- [ASSIGNED TASK]:
The answer must consist solely of the lines from the one containing "ORGO Mother &" through the last line of the records, set down exactly and without any pictures.

(Entries taken from a collection)
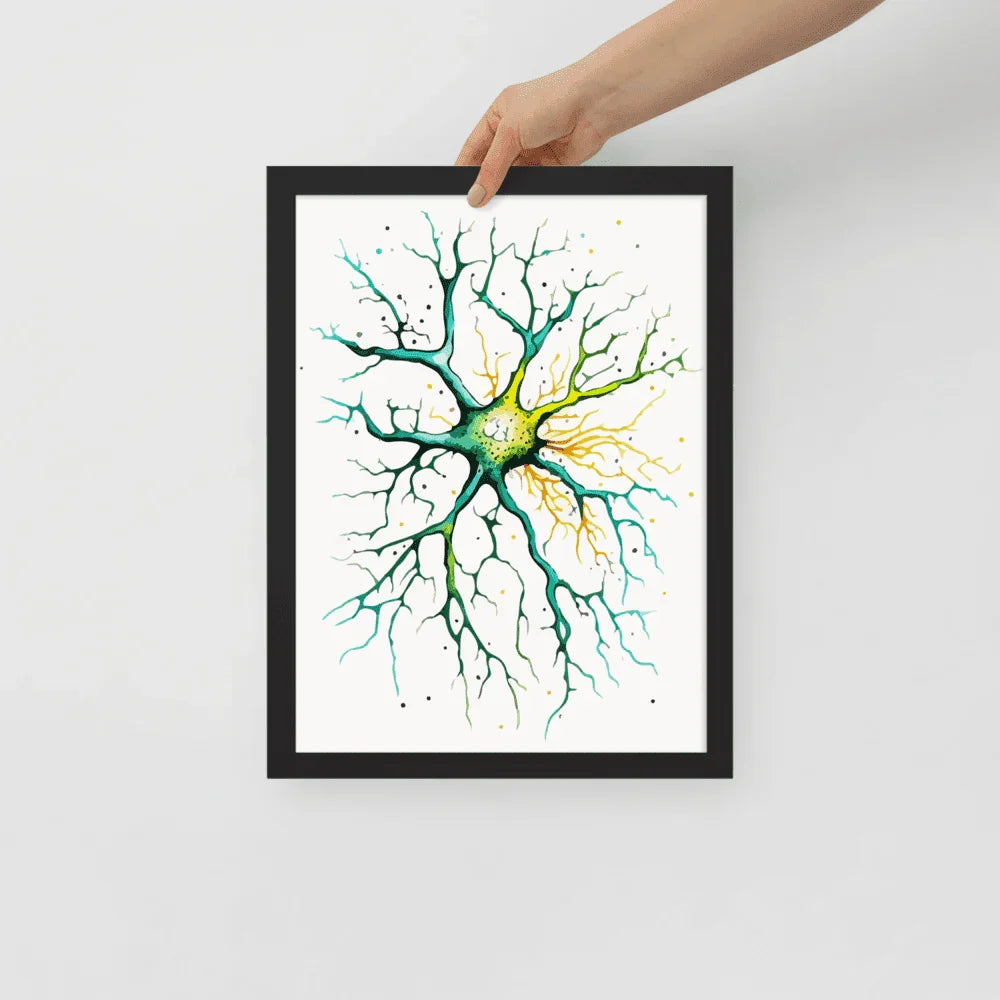 Neural Emerald - Poster - Neuron Watercolour Style Print Art _ Poster _ SolisSleep _ biology gift, Brain, Brain anatomy, Brain design, Brain study aid, cells, Colorful wall art, neurology, Neurons, Neuroscience, Neuroscience poster, Psychology art, Science decor, Unique gift idea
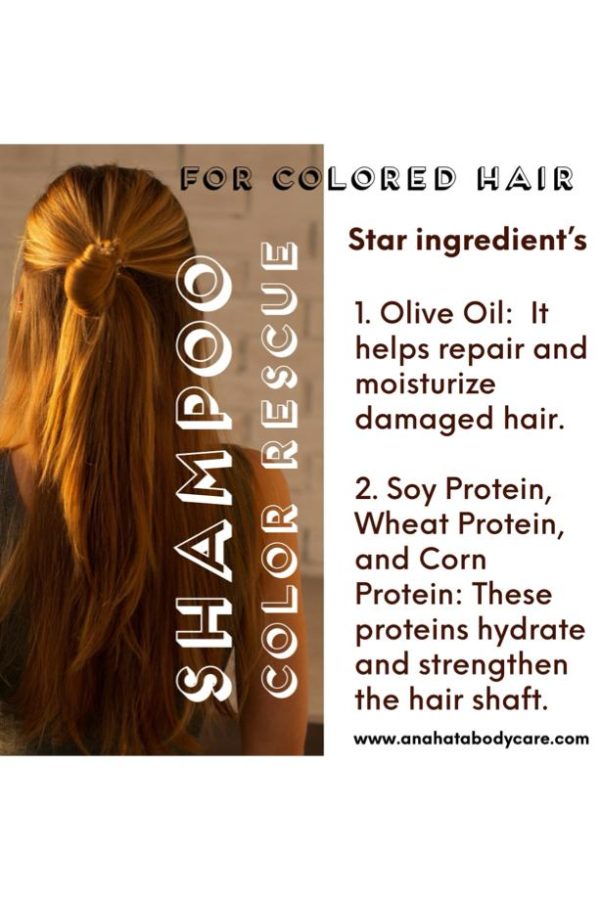 Benefits of olive oil & proteins in colour rescue shampoo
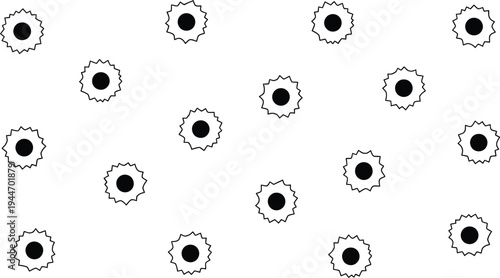Abstract black and white vector pattern featuring multiple round shapes with jagged edges, resembling cells or microorganisms, ideal for scientific, medical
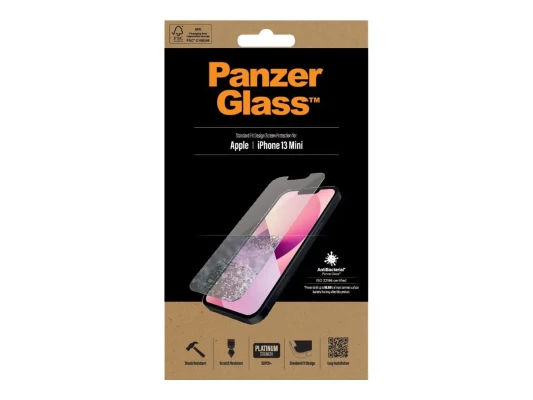 PanzerGlass  |  Clear Screen Protector  |  Apple  |  iPhone 13 Mini  |  Tempered glass  |  Antibacterial glass; Resistant to scratches and bacteria; Shock absorbing; Easy to install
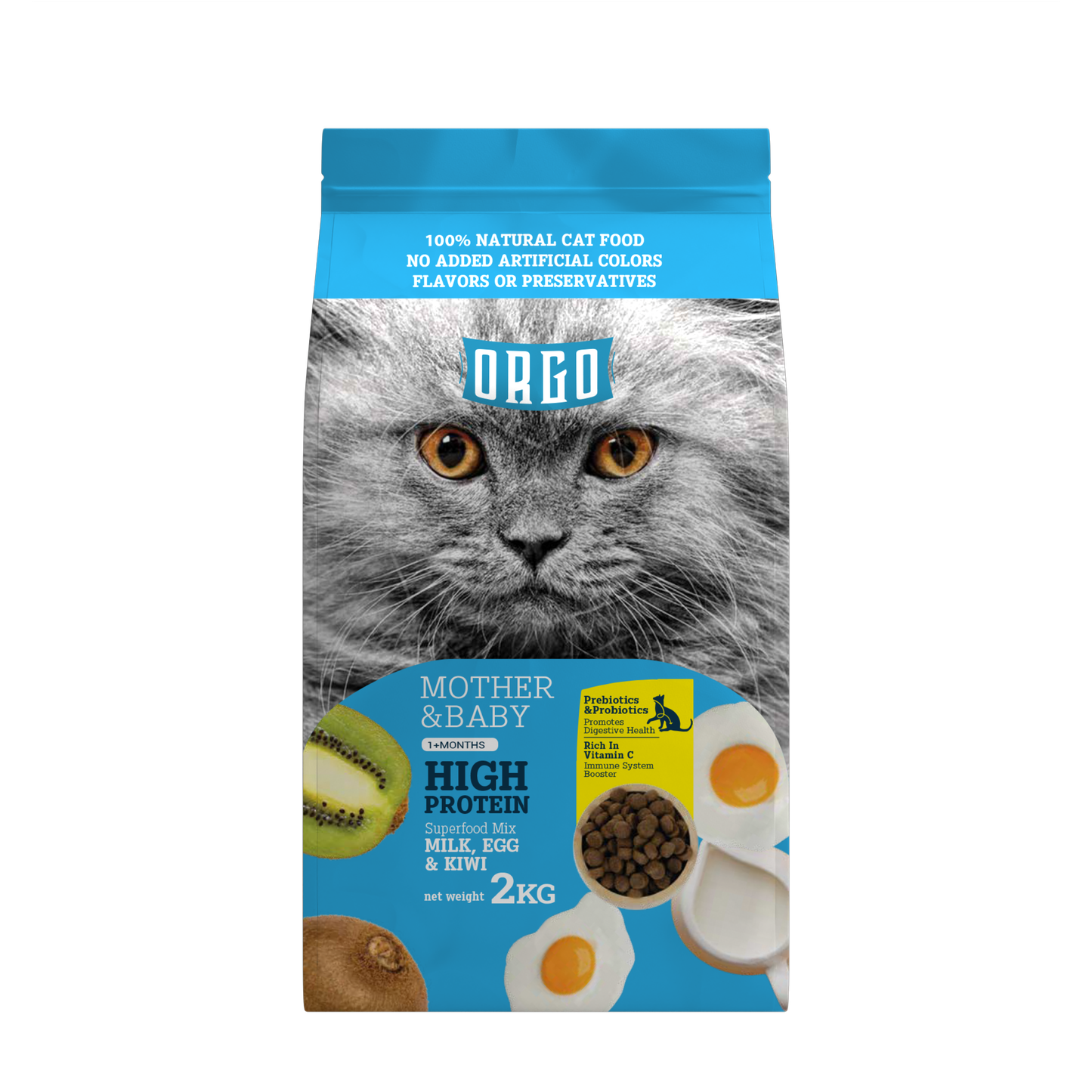 ORGO Mother & Baby High-Protein Dry Cat Food – Milk, Egg & Kiwi Superfood Mix | 2 kg | Kittens (1 + months) & Nursing Cats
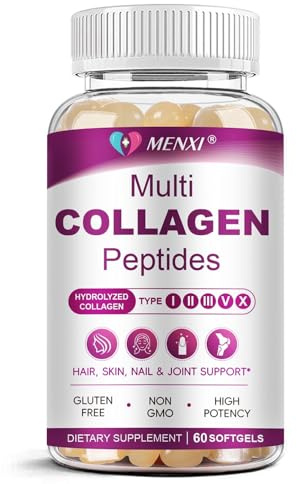 Multi Collagen Peptides Softgel for Women & Men - Type I, II, III, V, X - Hydrolyzed Collagen Peptides with Biotin, Vitamin C & Hyaluronic Acid - Support Skin, Hair, Nail & Joint - Non-GMO, 60 Softgel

- [REPLY TO THE EXERCISE]:
 ORGO Mother & Baby High-Protein Dry Cat Food – Milk, Egg & Kiwi Superfood Mix | 2 kg | Kittens (1 + months) & Nursing Cats
 Multi Collagen Peptides Softgel for Women & Men - Type I, II, III, V, X - Hydrolyzed Collagen Peptides with Biotin, Vitamin C & Hyaluronic Acid - Support Skin, Hair, Nail & Joint - Non-GMO, 60 Softgel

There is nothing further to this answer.